L’émancipation de la femme (Daubié)/03/Le vote des femmes en Angleterre

LE VOTE DES FEMMES EN ANGLETERRE[1].


DISCOURS DE M. LE PROFESSEUR CAIRNES


Madame la Présidente, Mesdames et Messieurs,


Après le discours de M. J. Stuart-Mill, ma tâche heureusement devient facile. Une particularité du mouvement actuel, c’est que, bien qu’il soit politique, son but principal et, en tout cas, ses résultats les plus importants sont plutôt moraux et sociaux que politiques. Je suis loin de dénier que les franchises électorales des femmes ne puissent donner d’importants résultats législatifs ; mais je pense que nous ne rendrions pas justice à notre cause si nous permettions que la plupart des arguments employés en sa faveur eussent en vue cette classe de considérations ; les considérations vraiment importantes sur ce sujet, celles qui déterminent en réalité un peuple réfléchi, soit qu’il veuille appuyer ce mouvement ou s’y opposer, ce n’est pas l’attente de résultats politiques, salutaires ou non ce sont des prévisions comme celles de l’effet probable que l’extension du suffrage aux femmes aurait sur leur caractère personnel, et, par ce caractère, sur les attributions diverses de la vie où elles ont une si grande influence. On vous a dit que la tendance de cette politique est de développer parmi les femmes un sentiment plus puissant de devoir public et de responsabilité relativement aux intérêts moraux les plus élevés de la société. C’est, ce me semble, précisément une de ces vérités qu’on peut regarder comme brillant par sa propre lumière ; il n’est pas pour moi de principe moral plus clair que l’alliance de la responsabilité et du pouvoir, et que l’impossibilité absolue d’éveiller le sentiment de la responsabilité, si l’on ne produit celui de la conscience et du droit…
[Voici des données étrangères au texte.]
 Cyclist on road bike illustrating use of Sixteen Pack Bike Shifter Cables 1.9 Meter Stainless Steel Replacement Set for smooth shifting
… En conséquence, le sentiment de l’obligation morale ne peut naître qu’avec la conscience de l’affranchissement…

Les droits que nous réclamons pour les femmes, directement liés aux principes les plus fondamentaux de la morale, dérivent immédiatement de ses axiomes primitifs ; il est donc impossible de défendre ces droits, ou d’argumenter en leur faveur, sans faire un appel constant aux notions de morale les plus simples et les plus élémentaires. On me dira peut-être que ces généralités ne sont pas néanmoins confirmées par les faits, et l’on me rappellera sans doute le nombre des femmes qui, bien que privées de leurs franchises, ont montré avec une éclatante évidence que leur intérêt aux affaires politiques est grand, ainsi que leur compétence pour la discussion des problèmes politiques et moraux les plus importants et les plus ardus…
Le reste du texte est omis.